Freelancing, Specialization, Variety, and Survival

"Freelancer" is such a generic term, right up there with "Contractor" or "Consultant" for telling people absolutely nothing about what you actually do.

As many people would be happy to tell you, the term "Freelance" comes from "Free Lance," basically a lance (mercenary) for hire rather than belonging to this or that noble's guards or army. This definition leads to all kinds of jokes about cut-throat industries, etc., but it's basically accurate. A freelancer is self-employed, moving from one job to another as time and work dictate. At any given time a freelancer may be working solely for one client, or for many clients at once. The next day, they may have moved on. The next year, they may still be working for the same people.

Some might say that those who prefer freelance have commitment issues. Personally, I turn around and point out how the corporate world no longer holds any promise of actually keeping the same people employed until retirement. It's companies trying to cut corners and costs that have commitment issues as well. There's no guarantees that you'll be working in the same place tomorrow no matter who you work for, so really the ability to handle self-employment even in the short term is a good survival skill for anyone to have.

One thing you are guaranteed, however, is that freelancing offers an unparalleled chance for variety. Now, by variety I don't mean constantly doing wildly different things. Surviving as a freelancer involves making a name for yourself, and to do so you generally need to specialize in something. There are many ways to approach this specialization. In my case, most of my career has focused around Linux and open source. I've written around 15 books, over 300 articles, a couple of radio appearances, some TV appearances, and more than a half dozen courses on this set of topics. I've presented workshops at conferences, done corporate training, and taught classes online, all mostly (but not entirely) within the sphere of these areas.

How do I manage this variety without completely losing track of things? I've chosen a set of delivery methods around my specialty that are all side-steps. Writing, training, and course development are all closely related fields. Interviewing movers and shakers in the community and writing how-tos both lead to articles of different types, but yet both can center around the same specialty (Linux and open source). I have variety so for one thing, I don't get bored (which unfortunately is easy for me to do), and for another, I have multiple avenues for making a living. Sometimes articles are hard to come by. Sometimes there aren't a lot of books to be had. Or business cycles mean that sometimes companies are dying for training and at other times they have higher priorities. So whenever I want to try something new, I ponder what else out there is a step to the left (no this doesn't refer to politics) from what I'm already doing. Look at what you already know, and leverage it.

That said, sometimes times call for a step to the (non-political) right. Maybe I want to write or teach about another topic. For example, I've had dogs for 12 yrs and really enjoy working with them. Or I've done stained glass and mosaics and even sold some pieces. I've sold some fiction in the past as well. Even if I don't have a name in another field, I can at least approach potential clients and demonstrate that I have a solid track record of delivering good work on time in another area. Having that background makes it more likely that they'll give me a chance, though expecting to be treated like an expert or one of their regulars is another matter all together. A step out of your specialty generally needs some humility to do gracefully.

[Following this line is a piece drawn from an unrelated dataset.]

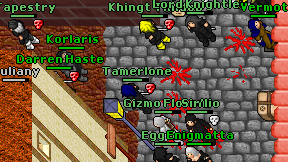 Tamerlone on screen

So there you have it. In a nutshell, freelance survival means specializing around a topic and then finding enough ways to deliver your expertise around that topic so that you have enough work to make a living. From there, when you hunger for a change, you can leverage the skills you have to try to break into another topic, as long as you remember that you'll have to pay your dues somewhat again before you rise to be a known expert there as well.